- **Task item**:
Below, find the line containing "Justin Bieber Announces" and the line containing "غانتس يضع حجر"; reproduce exactly those two and every line between them, omitting pictures.

- **Data shown**:
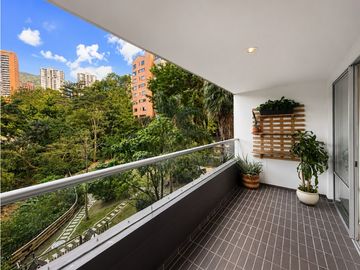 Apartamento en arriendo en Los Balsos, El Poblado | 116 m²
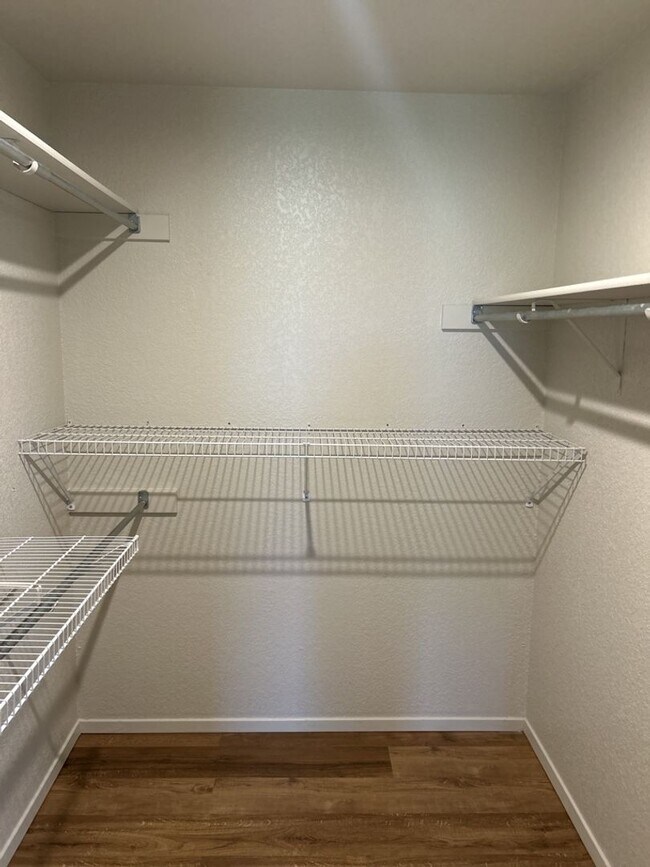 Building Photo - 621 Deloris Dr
==
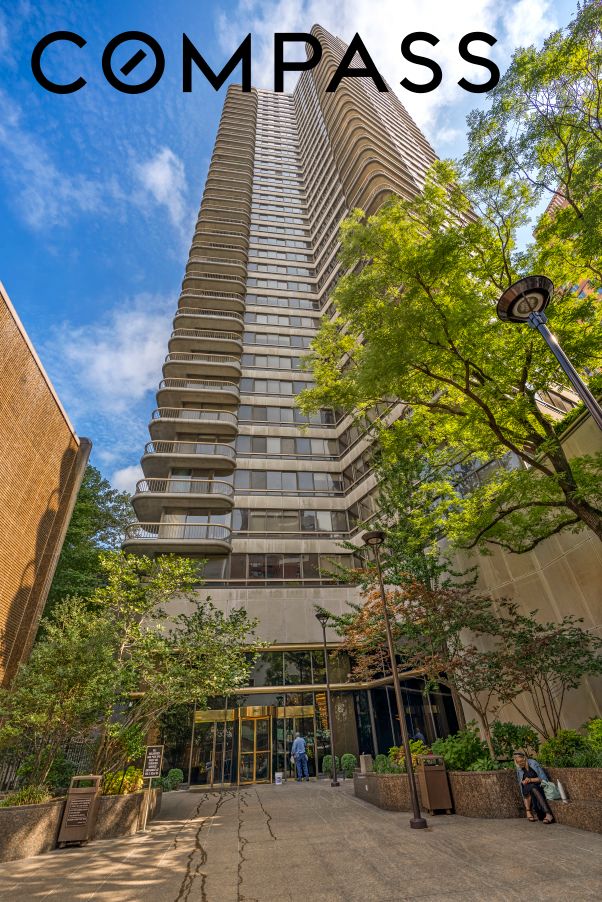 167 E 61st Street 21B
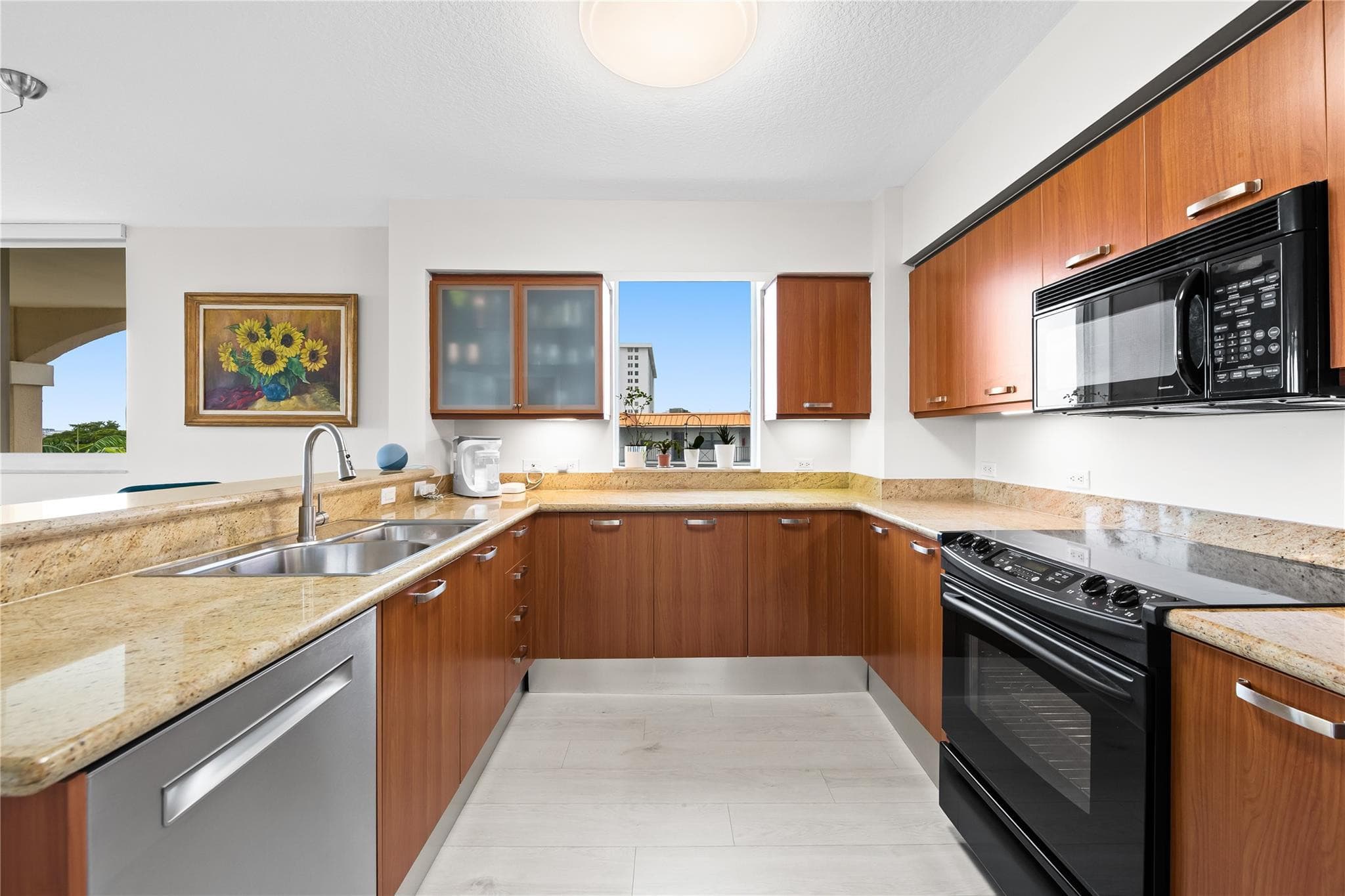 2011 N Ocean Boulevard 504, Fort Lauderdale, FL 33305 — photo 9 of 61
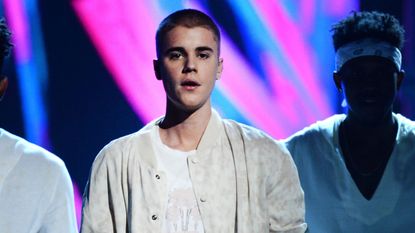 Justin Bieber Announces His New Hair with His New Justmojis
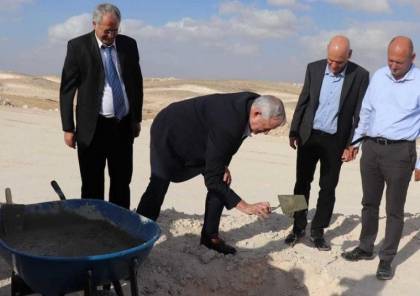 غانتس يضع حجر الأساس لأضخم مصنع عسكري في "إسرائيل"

- **Exercise solution**:
 Justin Bieber Announces His New Hair with His New Justmojis
 غانتس يضع حجر الأساس لأضخم مصنع عسكري في "إسرائيل"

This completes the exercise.